Like turning on the TV to find out why the power’s off.
Dear Word Detective: What does “Catch 22″ actually mean? — Faith Daniels.
Tomorrow, and tomorrow, and tomorrow, Creeps in this petty pace from day to day, To the last syllable of recorded time; And all our yesterdays ….
Oh hi! I was just brushing up on my Macbeth and thinking about your question. I knew I had answered it before, and not too long ago, I thought. Then I discovered that “not too long ago” was circa 1995. Gosh. On the other hand, intimations of mortality aside, I’m glad you asked it, because in the intervening years no one else has, and it’s an interesting story.
I’m not sure that you meant to, but you’ve asked your question in an intriguing way. The “actual meaning” of “Catch 22″ seems to be undergoing some dilution in the mass media these days. A recent article in The Times of India was titled “Catch 22: Caught between mother and wife,” and offered some rather retrograde and sitcom-ish advice to men having trouble achieving domestic balance (e.g., “Do not praise the one’s cooking in front of the other”).
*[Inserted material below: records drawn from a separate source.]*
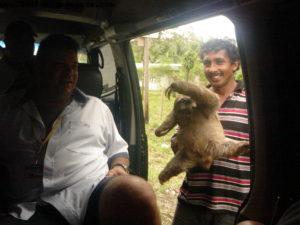 Limon - Our 6th RSVP cruise (Westerdam)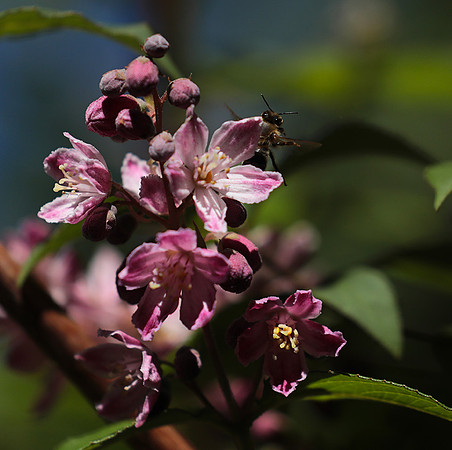 Deutzia perle rose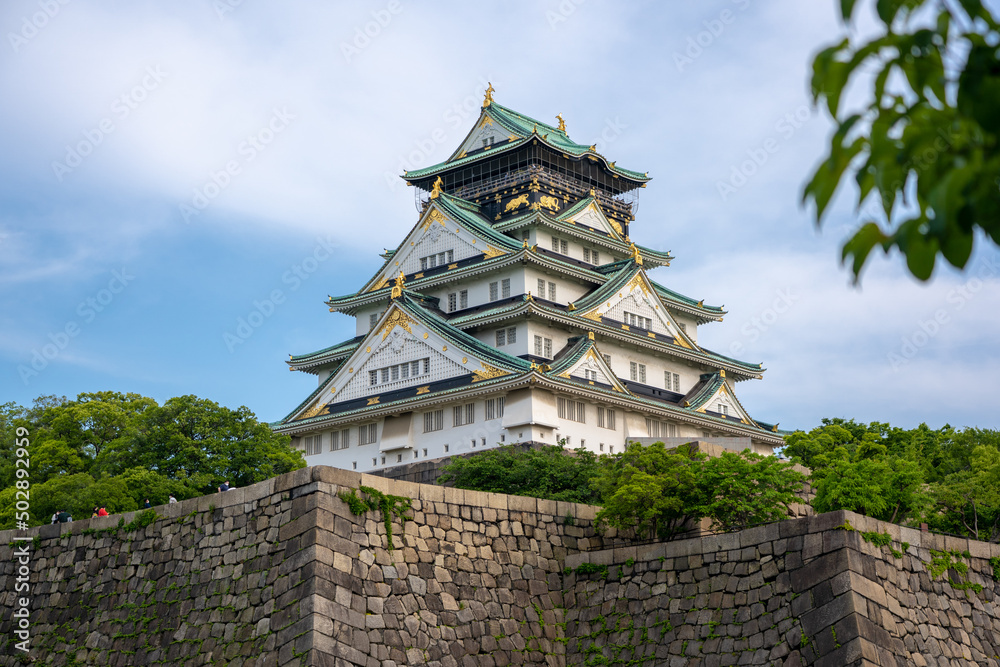 Fototapeta premium 大阪城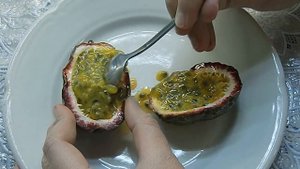Добываю семена Пассифлоры ! ?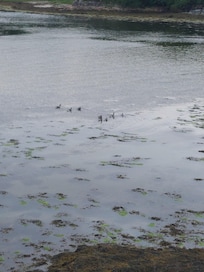 Nightly duck convoy.
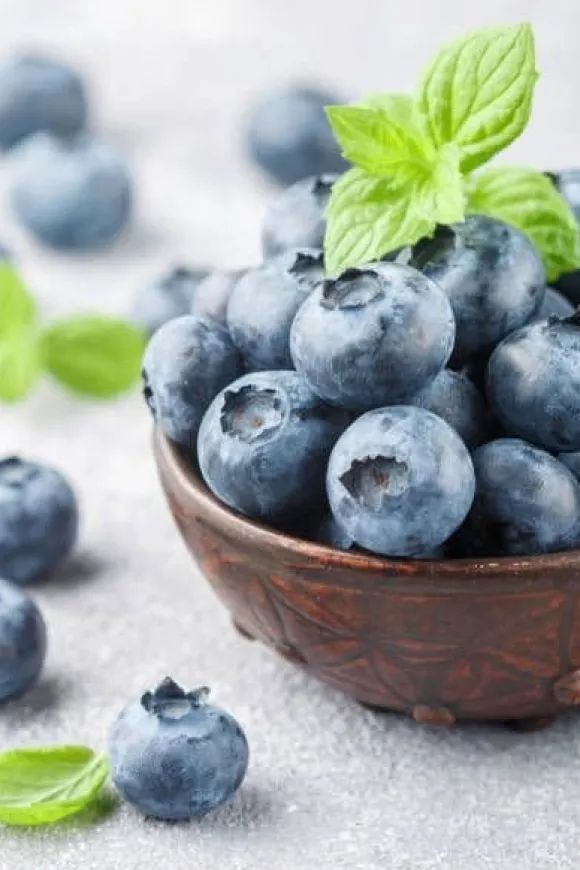 PLANTON B flerkomponentsgödsel för blåbär och andra sura växter 200 g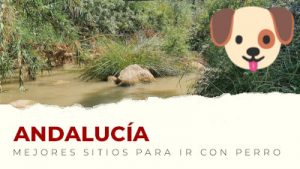 Los mejores sitios para visitar con perro en Andalucía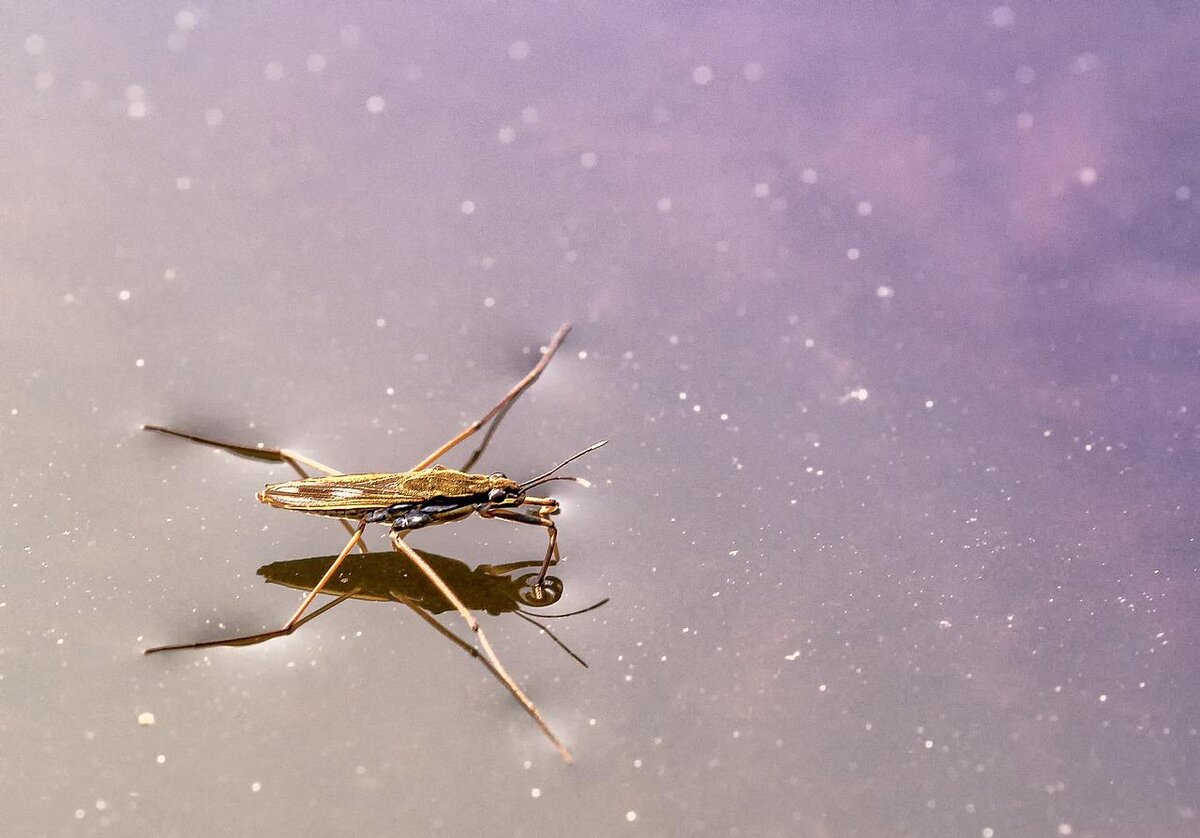 Water skimmer water bug atop water.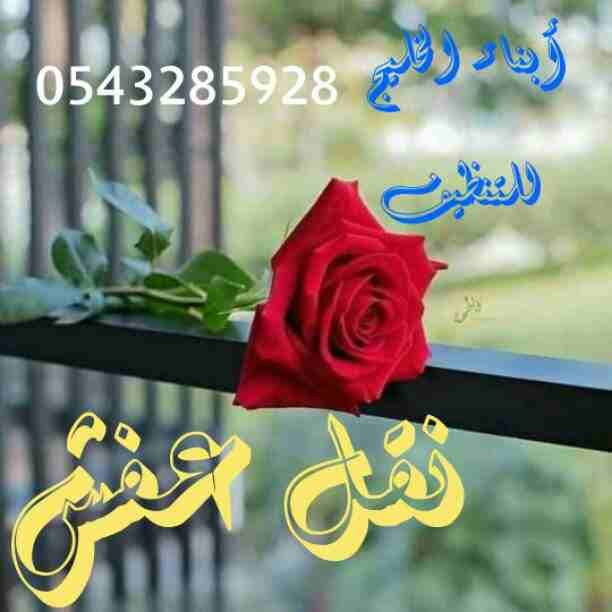 شركه نقل عفش وتنظيف بالمدينة المنورة أبناء الخليج لنقل العفش لجميع أنحاء المملكه مع الفك والتركيب والتغليف والتخزين متخصصين في جميع مجالات نقل الاثاث المختلفه
أفضل شركه تنظيف بالمدينه المنورة أبناء...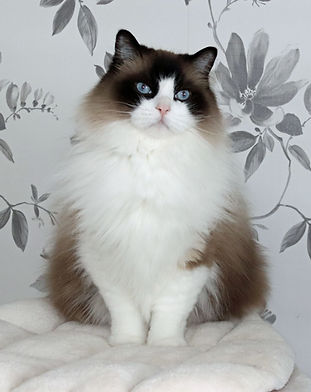 210217_elvis1.JPG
Elsewhere in the media, “Tibetan MPs caught in a ‘Catch-22′ situation” (Indian Express) outlines some difficulties posed by the Dalai Lama’s recent decision to retire. One article describes a possible conflict, the other assesses an apparent impasse, but neither situation fits the original definition of a “Catch 22.”
As defined by the Oxford English Dictionary, “Catch 22″ means “a supposed law or regulation containing provisions which are mutually frustrating; a set of circumstances in which one requirement, etc., is dependent upon another, which is in turn dependent upon the first.” One example that popped into my mind when I first explained “Catch 22″ was needing to have a driver’s license in order to get to the Department of Motor Vehicles to take your driver’s license exam. Another was needing to be rich in order to hire enough lawyers, etc., to avoid paying taxes and be rich. Although “Catch 22″ has come to be used in a more general sense to mean “an absurd predicament” or “a tricky and frustrating rule or restriction” (such as having to pay taxes on money you withdraw from your retirement fund to use to pay taxes), the true “Catch 22″ presents not just an annoying impediment, but a solid brick wall.
“Catch 22″ is one of those rare colloquial phrases whose origin is known with absolute certainty. It was coined by the American novelist Joseph Heller in 1961 as the title of his novel “Catch 22,” based on his experiences as a US bomber pilot in Europe in World War II. The central character in the book is the B-25 bombardier Yossarian, whose all-too-accurate perception of the futility and insanity of war introduces him to what Heller dubbed “Catch 22″ (“catch” being used here in the sense of a “snag” or “hidden trap” in military regulations). As Heller explains it, “There was only one catch and that was Catch-22, which specified that a concern for one’s safety in the face of dangers that were real and immediate was the process of a rational mind. Orr [an especially hapless pilot] was crazy and could be grounded. All he had to do was ask; and as soon as he did, he would no longer be crazy and would have to fly more missions. Orr would be crazy to fly more missions and sane if he didn’t, but if he were sane he had to fly them. If he flew them he was crazy and didn’t have to; but if he didn’t want to he was sane and had to.”
“Catch 22″ the novel was a huge hit in the 1960s, and remains one of the seminal late 20th century works of literature. The phrase “Catch 22″ immediately entered the lexicon of a society beset by an increasingly Kafkaesque bureaucracy (“His Public Interest Group now finds itself in a Catch 22 situation. It cannot prove the device works without EPA funds, but EPA won’t grant the funds unless they prove the device works,” 1974), a plague of institutional illogic that computers have only worsened. Interestingly, the “22″ in the title was not Heller’s original choice; an early excerpt of the novel published in a magazine was actually titled “Catch 18,” but the publication of the very popular novel “Mila 18″ by Leon Uris during the same period necessitated the change to “Catch 22.”